The worrisome fumble
The missed chance of Hashim Amla would prove to be incredibly costly for Sri Lanka, but the drop that would have really worried them came in the 33rd over, when they reprieved their primary tormentor of the series. Faf du Plessis had just scooped Lahiru Kumara for six, when Kumara managed to have du Plessis chip the ball high towards mid on. Sachith Pathirana got himself beneath the ball, but failed to snatch it. Thankfully for Sri Lanka, du Plessis would add only 15 more runs - though that was still enough to get his series tally to over 400.
The Mr 180
If AB de Villiers is the world's best proponent of a 360-degree batsman, Niroshan Dickwella has himself showcased a wide range of strokes on this tour, even if he is not quite in de Villiers' league. Perhaps the best example came in the fifth over today, bowled by Kagiso Rabada. First ball, Dickwella dropped to his knees and ramped it over the keeper's head all the way for six. Next ball, he stayed still at the crease and lofted a full delivery back over the bowler's head for four. In two balls, playing one completely unconventional stroke, and another that was as old as they come, Dickwella had hit boundaries to opposite ends of the ground.
The repeat wrong 'un
Imran Tahir has used his googly beautifully right through the series, and having had Dhananjaya de Silva stumped off his legbreak in a previous ODI, he beat de Silva's other edge at Centurion with a ball that pitched virtually in the same place, but spun the other way. Having flighted this ball up and drawn the batsman forward, he sneaked it through bat and pad, and into the stumps. It was virtually a repeat of his dismissal of Dinesh Chandimal at Port Elizabeth.

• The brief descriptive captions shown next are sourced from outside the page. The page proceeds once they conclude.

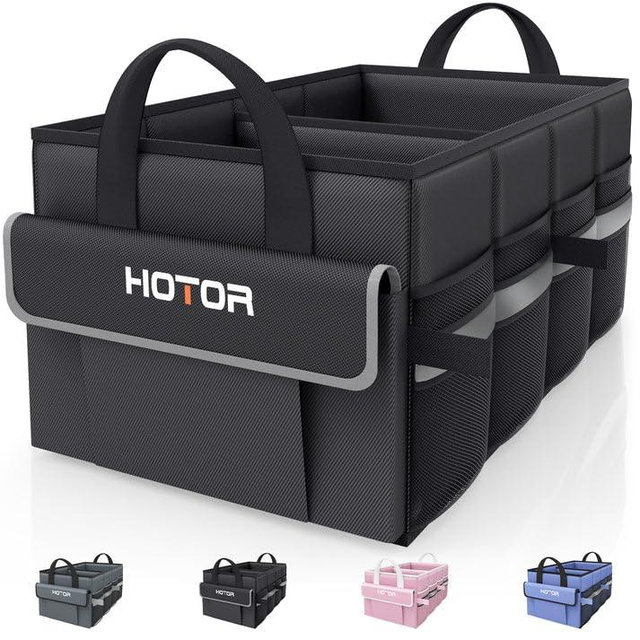 HOTOR Trunk Organizer for Car - Car Organizer, Foldable Trunk organizer for SUV, Sedan & Van, Car Organization with Sturdy Base Panel for Car Accessories, Black, 2 Compartments, 21.3"×12.6"×10.6"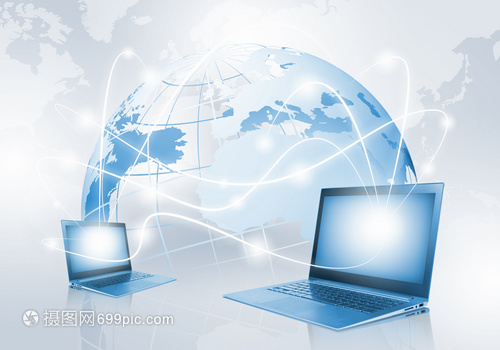 網(wǎng)絡背景上帶地球儀插圖的筆記本電腦圖像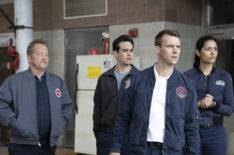 Christian Stolte as Randy 'Mouch' McHolland, Alberto Rosende as Blake Gallo, Jesse Spencer as Matthew Casey, Miranda Rae Mayo as Stella Kidd in Chicago Fire - Season 8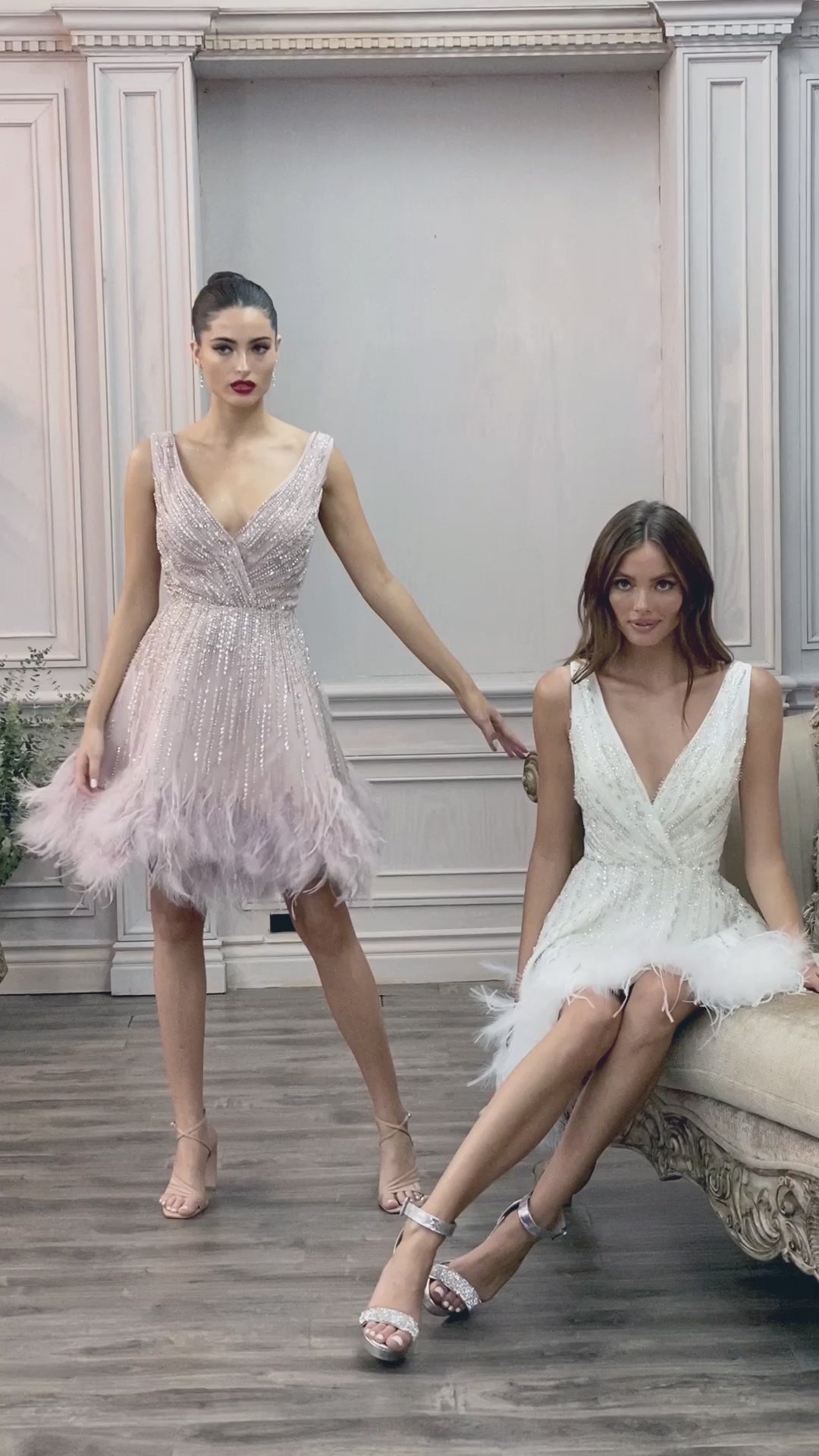 Andrea & Leo A1012 Short Beaded Feather Cocktail Dress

Sri Lanka are accustomed to getting batsmen out pad-bat with their spinners, but today, it was a quick who got a batsman out this way, in what was the strangest dismissal of the game. When Suranga Lakmal sent a thigh-high short ball at JP Duminy's leg stump, the batsman shuffled towards off stump and attempted to paddle the ball to leg. He did not connect with his bat first time, but when the ball bounced up off his thigh pad, it caught the back of his bat in its follow through. The ball then lobbed up to the wicketkeeper, who was standing a good 12 metres from the stumps.